David Crisafulli is unconvinced the federal government’s overhaul of property taxes will improve the housing crisis in Queensland but economists and leading financial figures forecast the changes will be most acute in the Sunshine State.
Negative gearing will be limited to new builds and the capital gains tax concession reduced as key pillars of a federal budget aimed squarely at improving affordability for first home buyers.
High population growth has crunched housing affordability in Queensland, with values in Brisbane soaring 84 per cent in five years, according to property researcher Cotality.
The sharp spike is the equivalent of adding about $509,000 to a home, and compares to the 5.8 per cent rise in Melbourne over the same period – or about $45,000 in gained value.

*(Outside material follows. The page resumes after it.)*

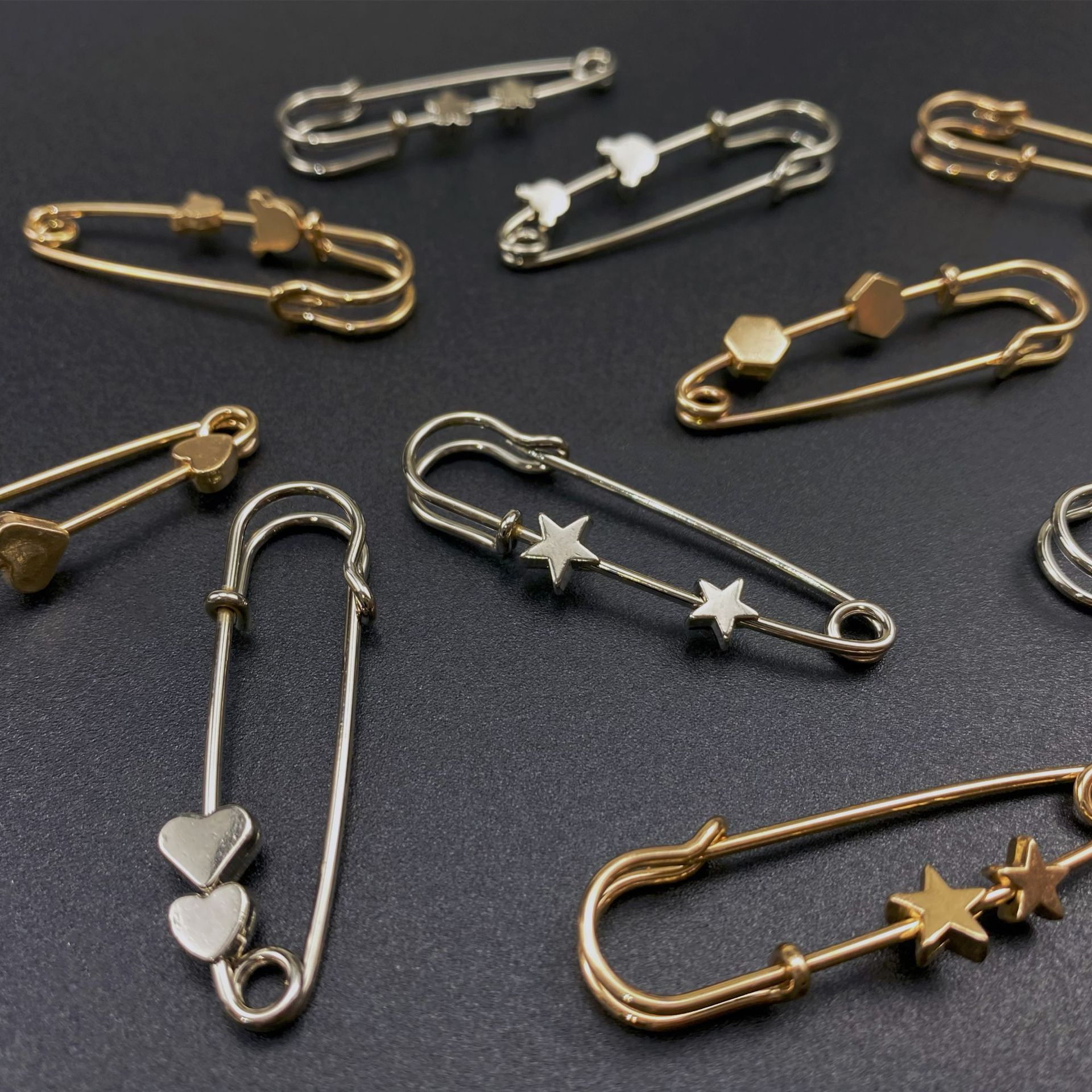 Exquisito tamaño pequeño de reducción de cintura pin cintura ajustable pantalones apretar artefacto ropa fija broche anti-exposición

Over that time, the gap between investor and first homebuyers has widened, according to ABS data released this week. About 41 per cent of all loans were to investors in the March quarter, which closely mirrored the national average, while loans to first home buyers fell to 16 per cent – about 1.5 per cent below the national figure.

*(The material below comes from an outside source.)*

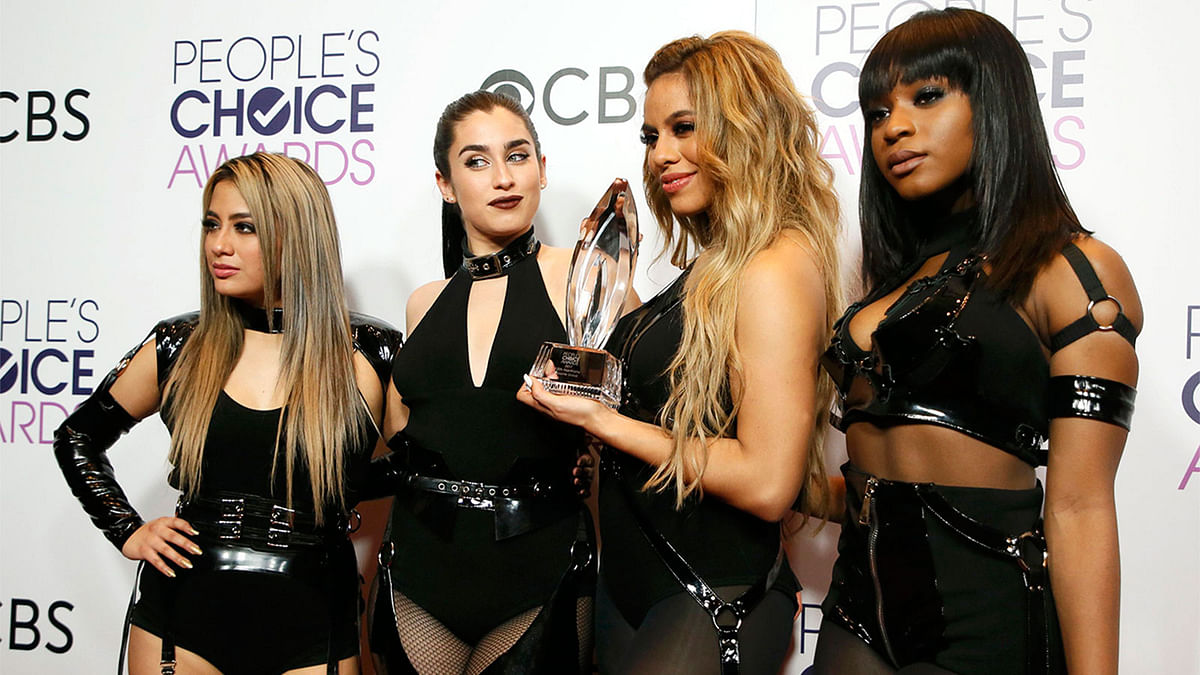 Members of Fifth Harmony pose with their award for Favorite Band backstage at the People`s Choice Awards 2017 in Los Angeles, California, U.S., January 18, 2017. Reuters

The Albanese government’s divisive changes to negative gearing and capital gains is intended to improve affordability by encouraging investment in new builds and allow first homebuyers and owner-occupiers to better compete with investors.
But Premier David Crisafulli said he had doubts about the changes, which federal LNP counterpart Angus Taylor has already vowed to repeal if the Coalition forms government.
“I’d like to see the modelling,” Crisafulli told reporters on Friday.
“Any change in tax … has to be about incentivising supply, surely, because if you’re not encouraging people to increase supply, well then no change in tax will deliver what you want, and that is the ability for a young person to own a home.”
Experts argue the impacts will be significant, but don’t agree on the effectiveness of the reforms improving the issue.
Independent economist Saul Eslake said an issue with housing trends in Queensland is more than 80 per cent of money lent to investors is for the purpose of buying established homes rather than new builds.
“That does nothing to increase housing supply because the housing already exists,” he told this masthead.
“What it does do is put further upward pressure on the price of houses that already exist – if investors weren’t doing it, then there would be less demand for those properties.
“And, secondly, by definition when an investor buys an established property, he or she is out-bidding one or more would-be owner-occupiers and, ultimately, is therefore adding to the demand for rental housing because every time an investor buys a house or flat that already exists, that’s a house or flat that someone who would like to own it can’t.”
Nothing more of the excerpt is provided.